Он глядел на меня, моргал и не мог понять, как это не потерпеть ради карьеры. Сквозь дым, идущий из его трубки, на его личике можно было прочитать: «Витаутас, ведь небо принадлежит страждущим»! Ну настоящий политический мученик, социал–мазохист. Даже сорвавшись с цепи, не захочешь такому дать оплеуху.
Линкявичюс торжествовал.
— Ну как, жарким был разговор? — спросил он, весь сияя. — Ты за дверью подслушивал?
— Нет, но я…
— Он попросил меня остаться.
— Я так и думал.
— Что ты думал?
— Что нам обоим не хватит решимости. — Так думал фаворит о своем патроне. Такой вседозволенности, такого нахальства встречать еще не приходилось: сидит в чужом навозе, отогрелся и чирикает, как большой.
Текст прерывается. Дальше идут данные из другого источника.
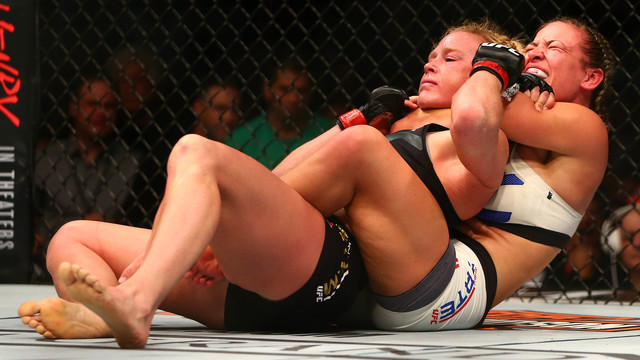 Dana White: Tate was wrong fight for Holm, manager to blame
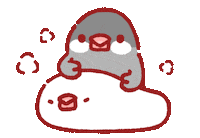 辛苦了 Sticker by Dream Hugo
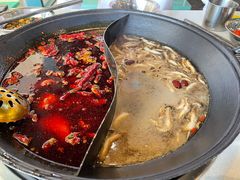 -憨铁匠老火锅(龙岗万科里店)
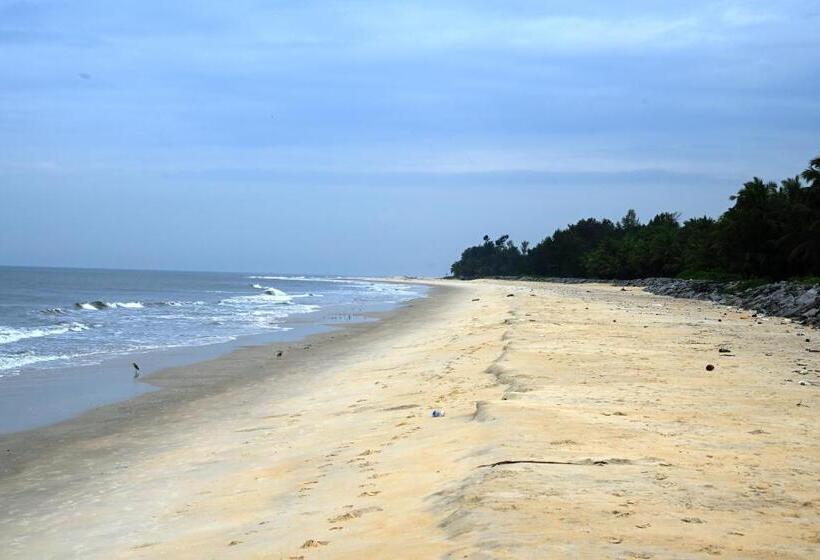 חדר משפחתי נוף לים, His Grace Holiday Homes Nr To Malpe Beach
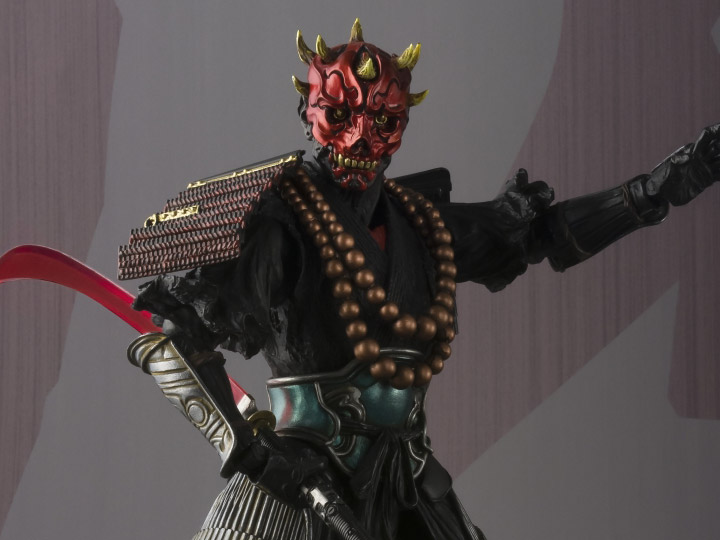 Star Wars Mei Sho Movie Realization Sohei Darth Maul Gallery Image 1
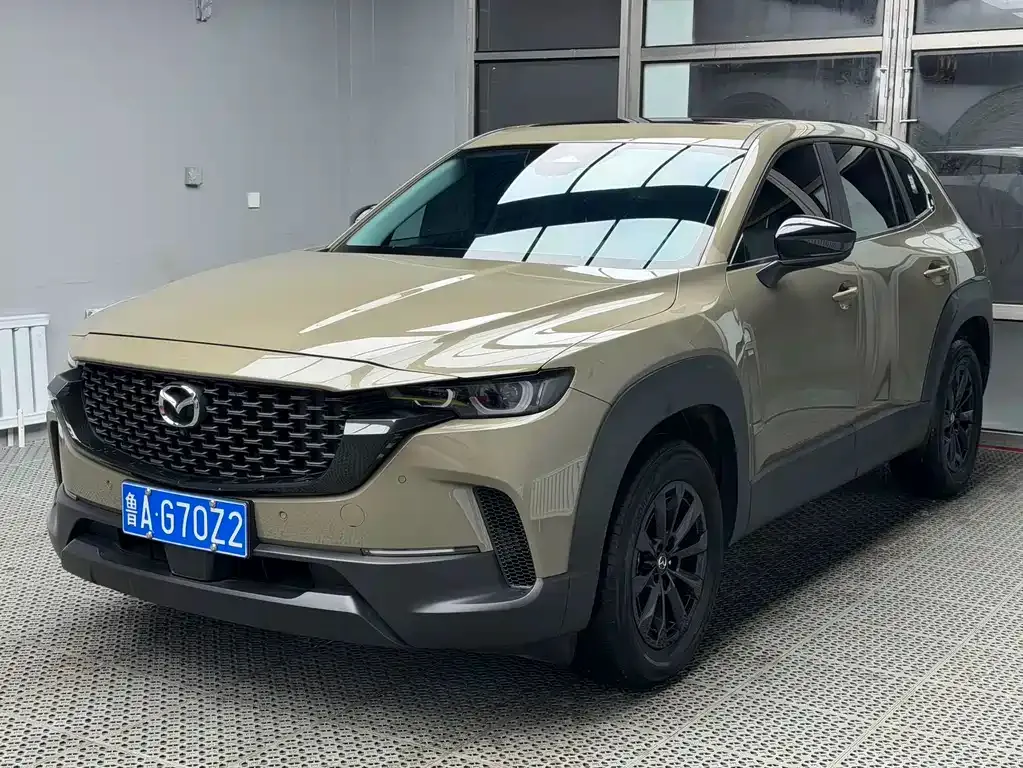 Mazda CX-50 Xingye — фото 1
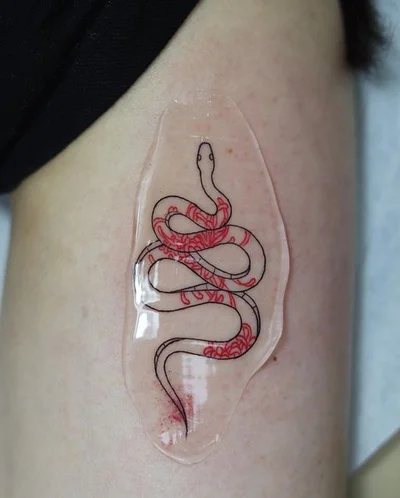 Dogy tattoo 045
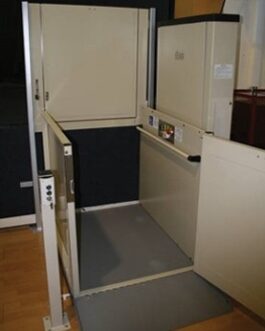 Savaria Multilift Vertical Platform Lift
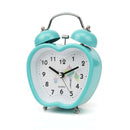 Blue Pink Mini Alarm Clock Nawao.com
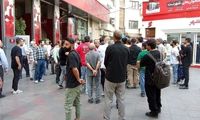 تجمع هواداران پرسپولیس به درگیری ختم شد!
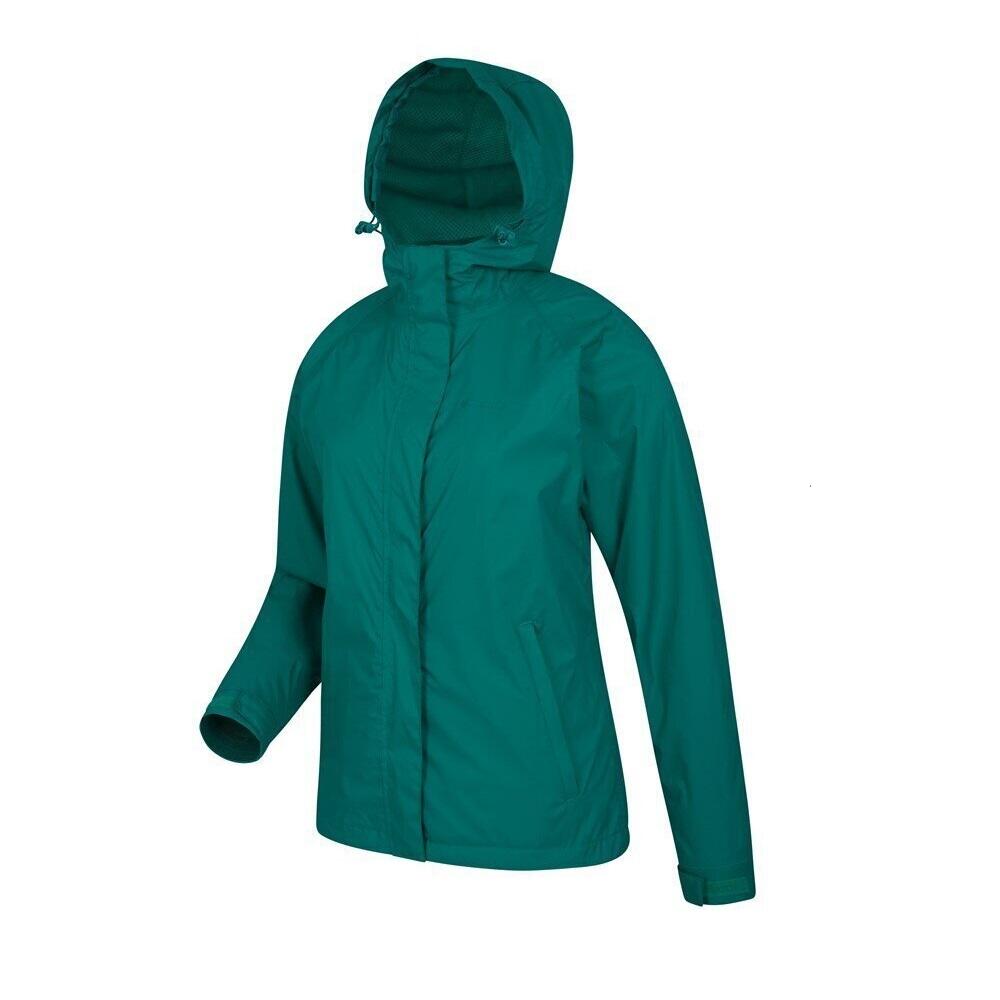 "Torrent" Jacke, wasserfest für Herren Dunkelgrün 3/4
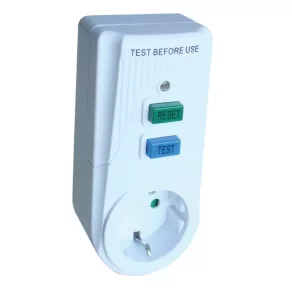 Relé Fi cu conectare directă Tracon, 30 mA, TFGA-1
— Какой решимости? Вместе растаскивать казенное имущество? Этого мальчика, воспитанного комсомолом, словно ветром сдуло. Сейчас, даже если среди ночи меня разбудят, смогу сказать(как эта липучка поступит завтра или послезавтра, но тогда меня волновало совсем другое. Как мог выбранный нами самими и выдвинутый впервые люди республики товарищ так быстро измениться и обрасти такими тертыми карьеристами и подхалимами? Значит, мы были слепцами… Никто другой, кроме соседского Йонаса, в этом не виноват… Ведь было время, когда нужно было идти на риск. И даже очень. Тогда он только скромничал и каждый свой ответственный шаг начинал с убаюкивающей молитвы:
— Я не политик. Если будет плохо, то отвечать придется сообща. Нет, от ответственности он не отказывался, но и один за все отвечать не хотел. Он нуждался в коллективной мысли и ответственности, в моральной опоре и в людях, которые в трудный час будут рядом.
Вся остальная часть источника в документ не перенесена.